Lack of diversity in tabletop’s biggest award isn’t that hard to judge

Director says “daunting” obligation received a single BIPOC candidate for 2025, who withdrew their application

Lack of diversity in tabletop’s biggest award isn’t that hard to judge

Awards shows have a tendency to highlight the cancers within an industry, isolating serious issues that have been left to metastasize through neglect and inattention. That doesn’t mean people haven’t been shouting about them, but the industry can, by and large, carry on without feeling the need to pull a cultural fire alarm. 

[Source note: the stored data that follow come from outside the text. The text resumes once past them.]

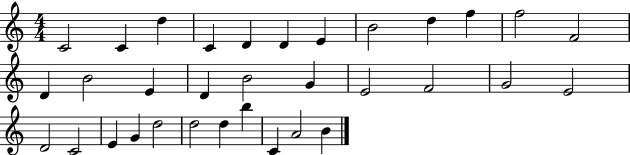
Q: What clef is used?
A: treble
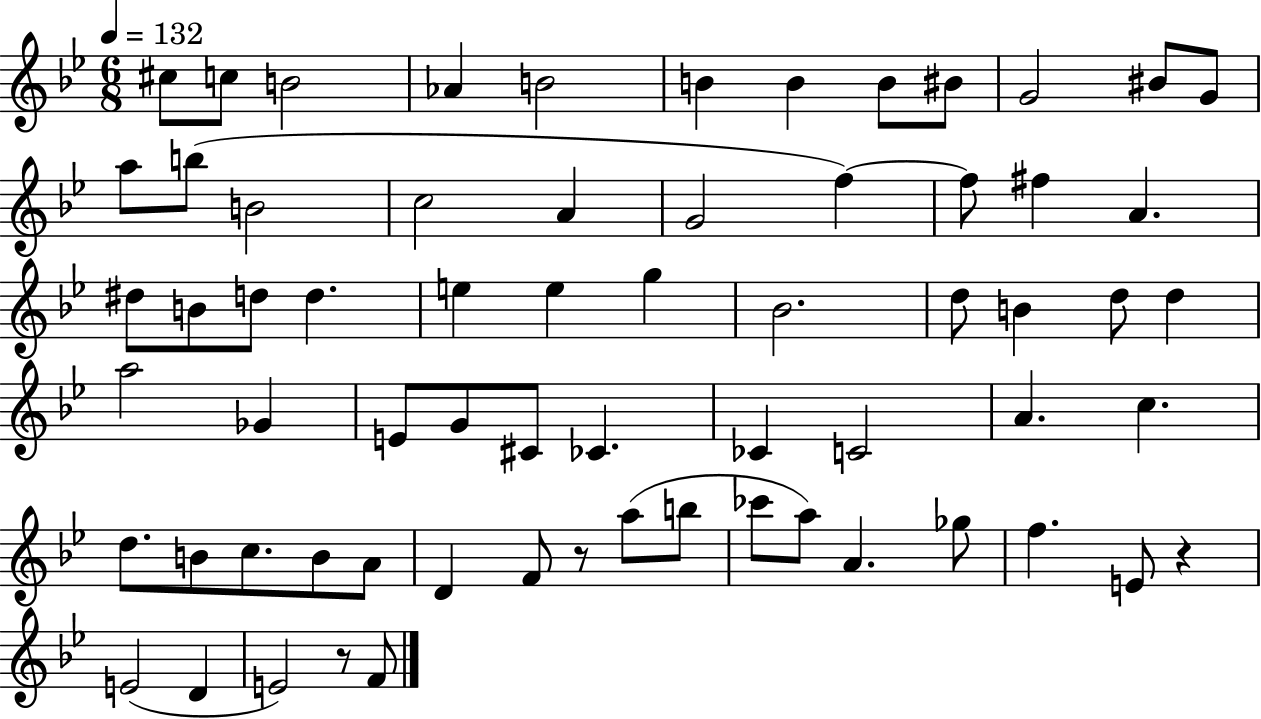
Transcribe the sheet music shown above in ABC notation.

X:1
T:Untitled
M:6/8
L:1/4
K:Bb
^c/2 c/2 B2 _A B2 B B B/2 ^B/2 G2 ^B/2 G/2 a/2 b/2 B2 c2 A G2 f f/2 ^f A ^d/2 B/2 d/2 d e e g _B2 d/2 B d/2 d a2 _G E/2 G/2 ^C/2 _C _C C2 A c d/2 B/2 c/2 B/2 A/2 D F/2 z/2 a/2 b/2 _c'/2 a/2 A _g/2 f E/2 z E2 D E2 z/2 F/2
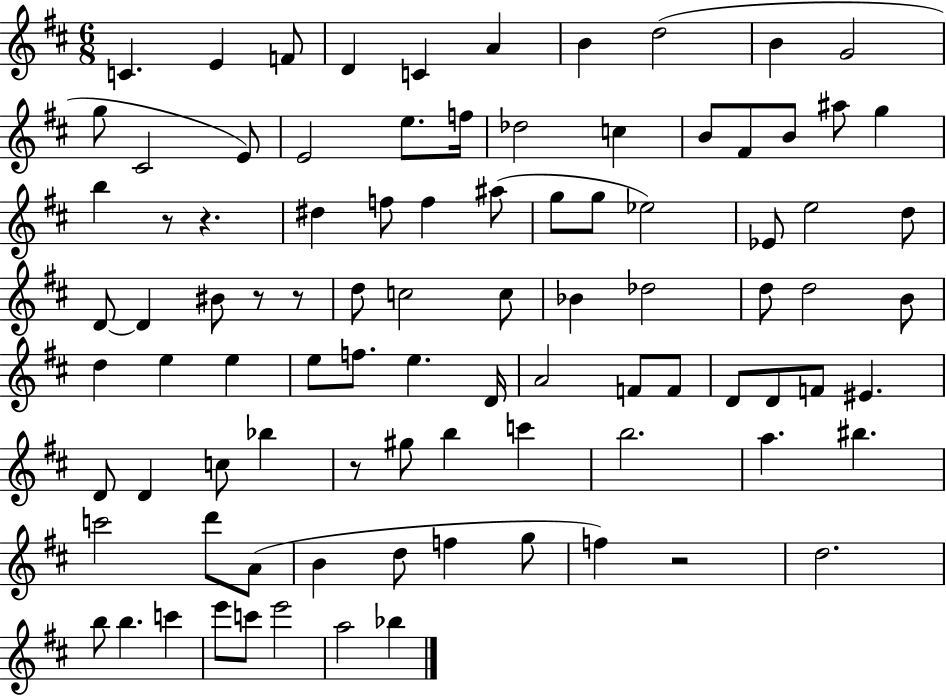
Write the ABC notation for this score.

X:1
T:Untitled
M:6/8
L:1/4
K:D
C E F/2 D C A B d2 B G2 g/2 ^C2 E/2 E2 e/2 f/4 _d2 c B/2 ^F/2 B/2 ^a/2 g b z/2 z ^d f/2 f ^a/2 g/2 g/2 _e2 _E/2 e2 d/2 D/2 D ^B/2 z/2 z/2 d/2 c2 c/2 _B _d2 d/2 d2 B/2 d e e e/2 f/2 e D/4 A2 F/2 F/2 D/2 D/2 F/2 ^E D/2 D c/2 _b z/2 ^g/2 b c' b2 a ^b c'2 d'/2 A/2 B d/2 f g/2 f z2 d2 b/2 b c' e'/2 c'/2 e'2 a2 _b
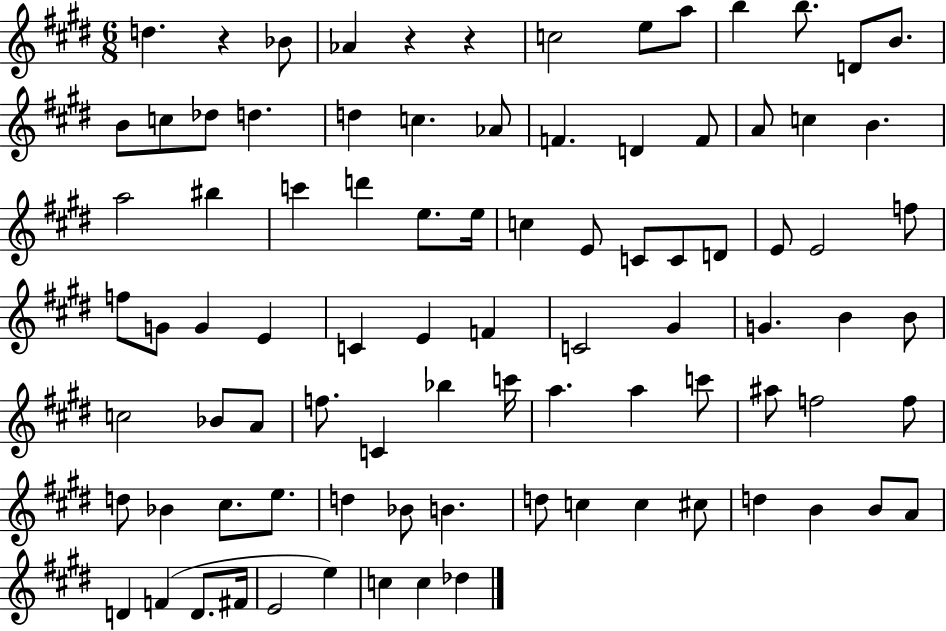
X:1
T:Untitled
M:6/8
L:1/4
K:E
d z _B/2 _A z z c2 e/2 a/2 b b/2 D/2 B/2 B/2 c/2 _d/2 d d c _A/2 F D F/2 A/2 c B a2 ^b c' d' e/2 e/4 c E/2 C/2 C/2 D/2 E/2 E2 f/2 f/2 G/2 G E C E F C2 ^G G B B/2 c2 _B/2 A/2 f/2 C _b c'/4 a a c'/2 ^a/2 f2 f/2 d/2 _B ^c/2 e/2 d _B/2 B d/2 c c ^c/2 d B B/2 A/2 D F D/2 ^F/4 E2 e c c _d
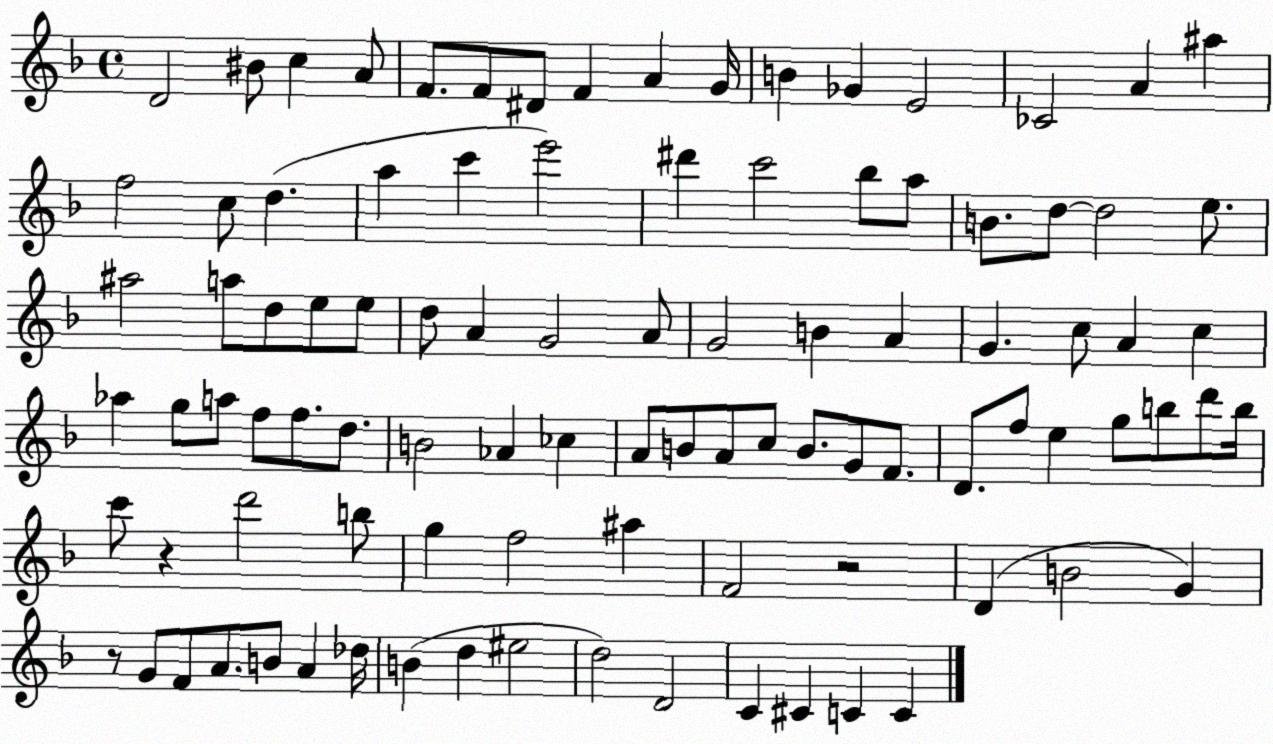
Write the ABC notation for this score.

X:1
T:Untitled
M:4/4
L:1/4
K:F
D2 ^B/2 c A/2 F/2 F/2 ^D/2 F A G/4 B _G E2 _C2 A ^a f2 c/2 d a c' e'2 ^d' c'2 _b/2 a/2 B/2 d/2 d2 e/2 ^a2 a/2 d/2 e/2 e/2 d/2 A G2 A/2 G2 B A G c/2 A c _a g/2 a/2 f/2 f/2 d/2 B2 _A _c A/2 B/2 A/2 c/2 B/2 G/2 F/2 D/2 f/2 e g/2 b/2 d'/2 b/4 c'/2 z d'2 b/2 g f2 ^a F2 z2 D B2 G z/2 G/2 F/2 A/2 B/2 A _d/4 B d ^e2 d2 D2 C ^C C C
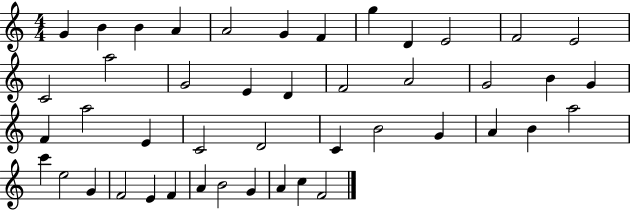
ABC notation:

X:1
T:Untitled
M:4/4
L:1/4
K:C
G B B A A2 G F g D E2 F2 E2 C2 a2 G2 E D F2 A2 G2 B G F a2 E C2 D2 C B2 G A B a2 c' e2 G F2 E F A B2 G A c F2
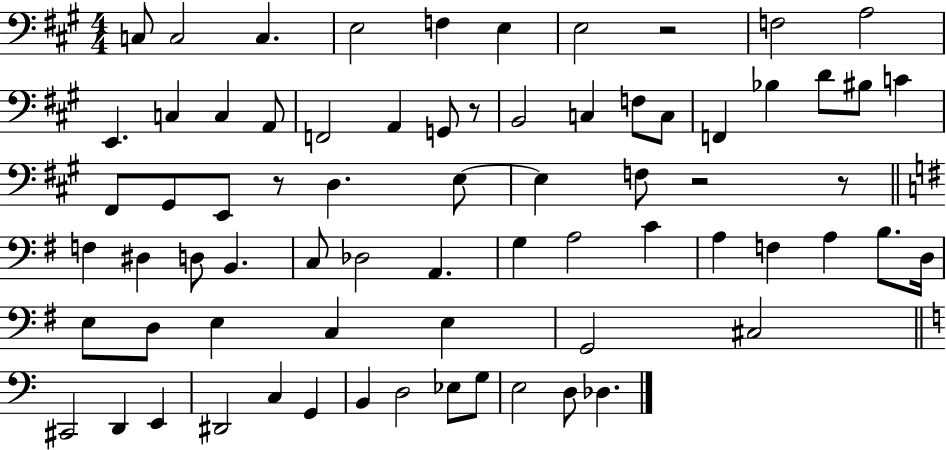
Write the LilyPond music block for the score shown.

{
  \clef bass
  \numericTimeSignature
  \time 4/4
  \key a \major
  c8 c2 c4. | e2 f4 e4 | e2 r2 | f2 a2 | \break e,4. c4 c4 a,8 | f,2 a,4 g,8 r8 | b,2 c4 f8 c8 | f,4 bes4 d'8 bis8 c'4 | \break fis,8 gis,8 e,8 r8 d4. e8~~ | e4 f8 r2 r8 | \bar "||" \break \key g \major f4 dis4 d8 b,4. | c8 des2 a,4. | g4 a2 c'4 | a4 f4 a4 b8. d16 | \break e8 d8 e4 c4 e4 | g,2 cis2 | \bar "||" \break \key a \minor cis,2 d,4 e,4 | dis,2 c4 g,4 | b,4 d2 ees8 g8 | e2 d8 des4. | \break \bar "|."
}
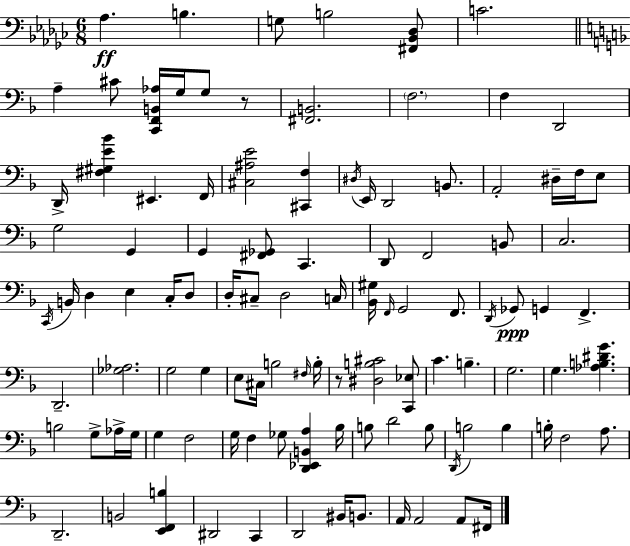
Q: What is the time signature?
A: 6/8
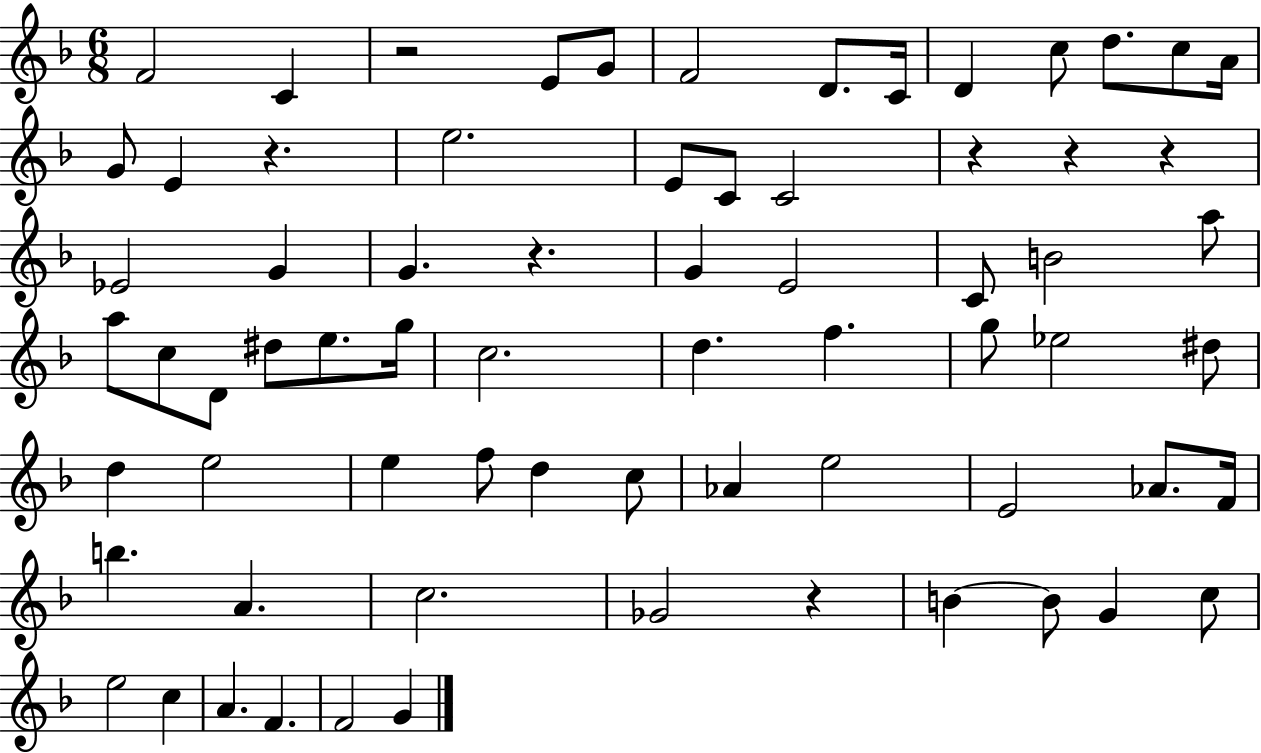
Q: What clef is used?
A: treble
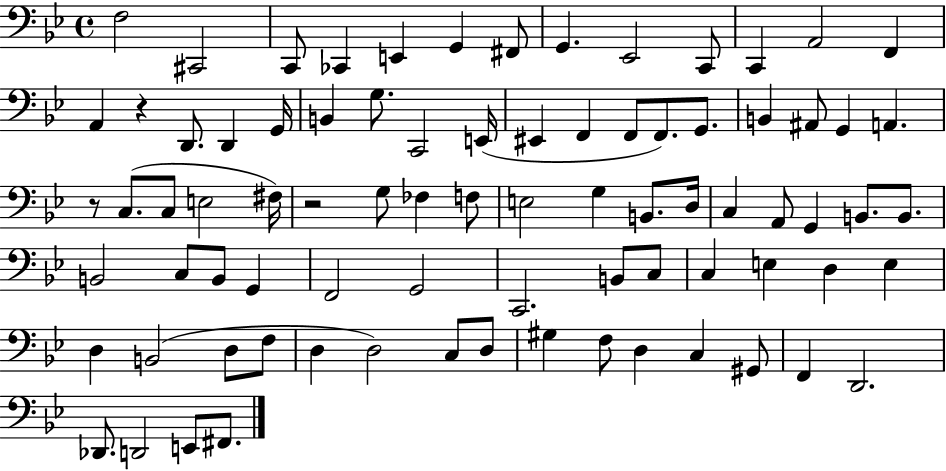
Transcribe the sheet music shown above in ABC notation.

X:1
T:Untitled
M:4/4
L:1/4
K:Bb
F,2 ^C,,2 C,,/2 _C,, E,, G,, ^F,,/2 G,, _E,,2 C,,/2 C,, A,,2 F,, A,, z D,,/2 D,, G,,/4 B,, G,/2 C,,2 E,,/4 ^E,, F,, F,,/2 F,,/2 G,,/2 B,, ^A,,/2 G,, A,, z/2 C,/2 C,/2 E,2 ^F,/4 z2 G,/2 _F, F,/2 E,2 G, B,,/2 D,/4 C, A,,/2 G,, B,,/2 B,,/2 B,,2 C,/2 B,,/2 G,, F,,2 G,,2 C,,2 B,,/2 C,/2 C, E, D, E, D, B,,2 D,/2 F,/2 D, D,2 C,/2 D,/2 ^G, F,/2 D, C, ^G,,/2 F,, D,,2 _D,,/2 D,,2 E,,/2 ^F,,/2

Then, along comes an event like the ENNIE Awards that draws the eyeballs of indie designers and large publishers alike to pay close attention to who is nominated, who got snubbed, and who exactly made all of these decisions. Eventually someone spotted the candidates for 2025’s potential judges, the list of people who decide winners in every category alongside throwing laurels at their own Judge’s Spotlight title. Running alongside the congratulations and commiserations was a question, asked from the corners of mouths on aggrieved faces: why are these judges all so white?

Out of the 11 candidates, three are women and none of the names are BIPOC industry professionals. It’s a pretty damning cross-section in 2024, made all the more embarrassing by two non-white candidates among this year’s slate of judges. Awards are fun, gratifying but ultimately meaningless endeavors, and I stand by that assessment. But back-patting endeavors still deserve equal representation, especially within a hobby that has spent the last two decades reckoning with, and desperately shaking off, its culturally insular past.